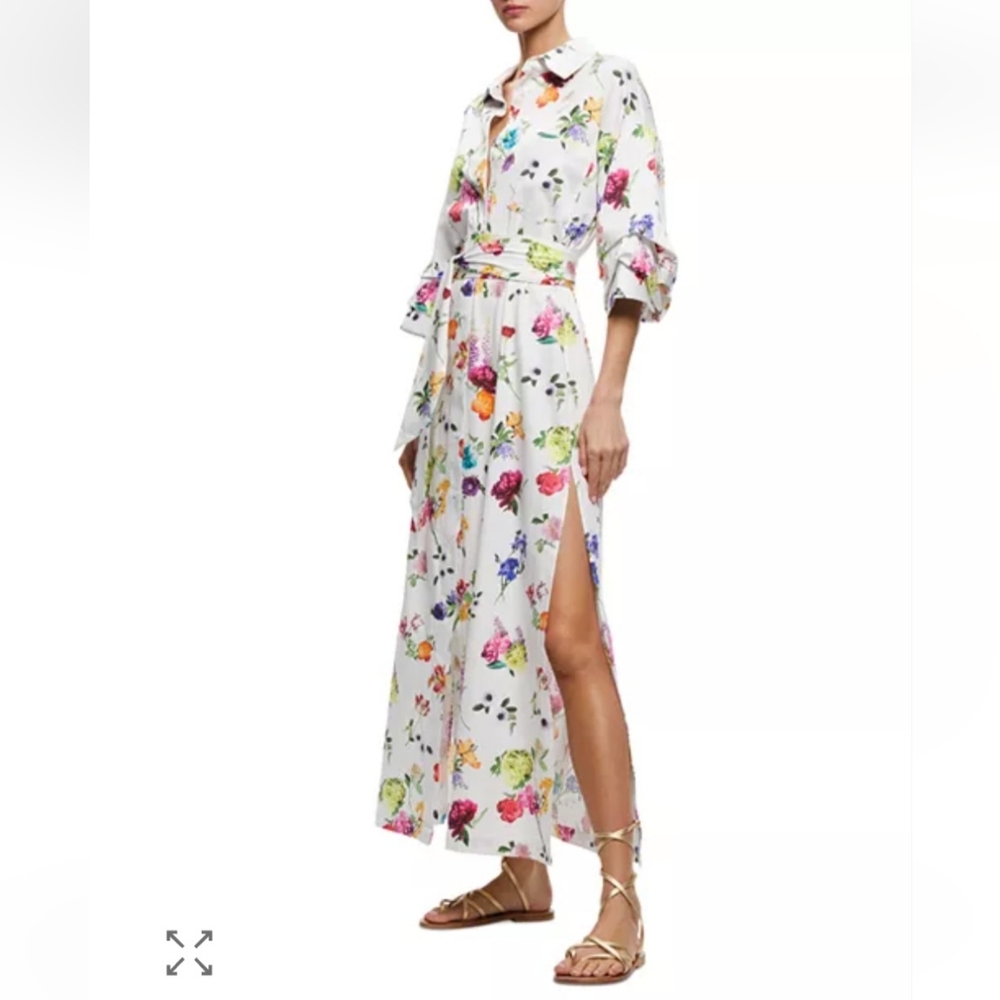 Alice + Oliva Tanika Button Down Bloom Floral Maxi Dress with Belt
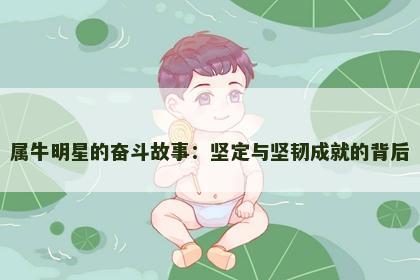 属牛明星的奋斗故事：坚定与坚韧成就的背后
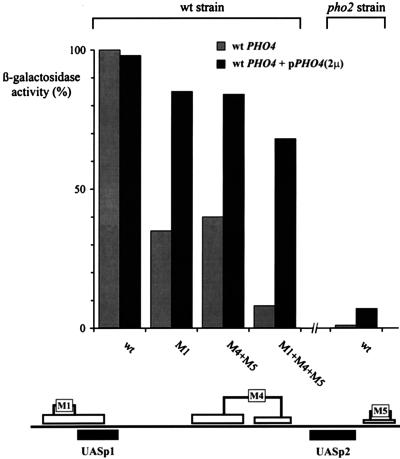 FIG. 8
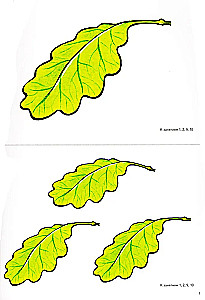Cut-out pictures for the formation of elementary mathematical representations in preschoolers aged 4-5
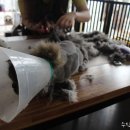 냥이 이발소 이미지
_ _ _
WORK INSTRUCTION
What is needed is an exact copy of every line from the one with "属牛明星的奋斗故事：坚定与坚韧成就的背后" to the end of the listing above, with the pictures left out.

ANSWER FOR THE TASK
 属牛明星的奋斗故事：坚定与坚韧成就的背后
 FIG. 8
Cut-out pictures for the formation of elementary mathematical representations in preschoolers aged 4-5
 냥이 이발소 이미지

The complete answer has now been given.